The pipeline I would like to write would look something like:

a_collection.aggregate([{
    b: { $exists: true }  // match
}, {
  $lookup: {
     from: "b_collection",
     localField: "b", // overly simplified example, b on the local doc would be an id
     foreignField: "_id"
     as: "b"
  },
  $merge: {
      into: "a_collection",
      on: "_id"
  }
}])

My understanding is that writes to single documents using findAndUpdate are atomic and optimistically concurrent but I’m looking for a findManyAndUpdateMany that would provide the same guarantees.

I’ve tried using an aggregation pipeline with a $lookup and $merge operator (but the documentation state that aggregation pipelines only seem to apply a read (intent shared) lock). Does the $merge operator apply a write (intent exclusive) lock? Does it apply it only at the final stage or does Mongo detect an update and apply the lock to all the docs that are match in the aggregation pipeline? Or does it apply locks as it’s processing each individual document in the pipeline?

I’ve also tried using an update() but I can’t use $lookup and so I’m not able to lookup from b and c in one atomic operation.

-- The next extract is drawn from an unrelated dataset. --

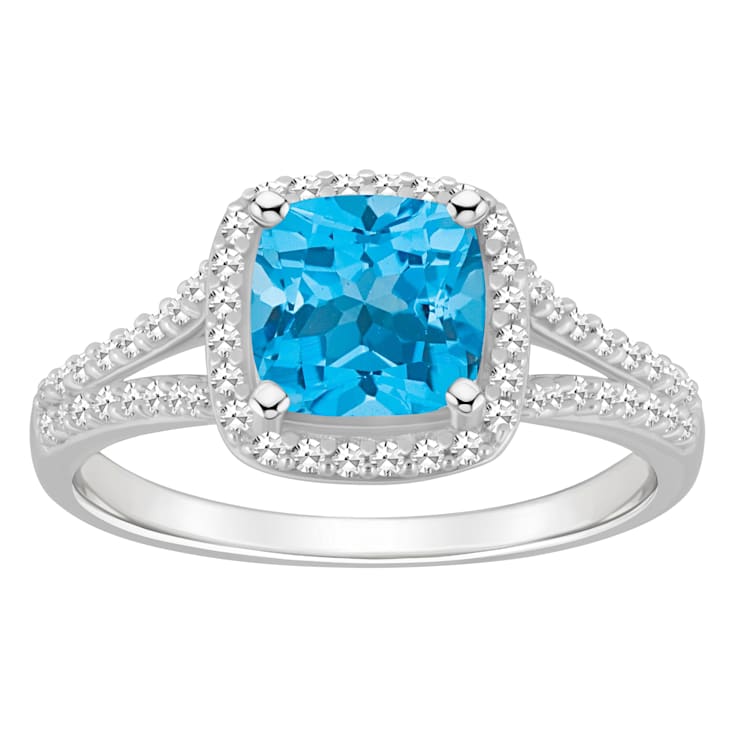 7mm Cushion Blue Topaz 1/4 ctw Diamond Rhodium Over Sterling Silver Halo Ring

Is there another approach I should be taking? Should I just use a transaction? Is there a way for me to explicitly/implicitly apply different locks?

Thanks in advance!

Nathan_Toung · August 14, 2023, 10:51pm

To clarify, there would be c version of the same aggregation pipeline that would run in parallel. In theory, one of the lookups could have stale data and overwrite the update of the other pipeline.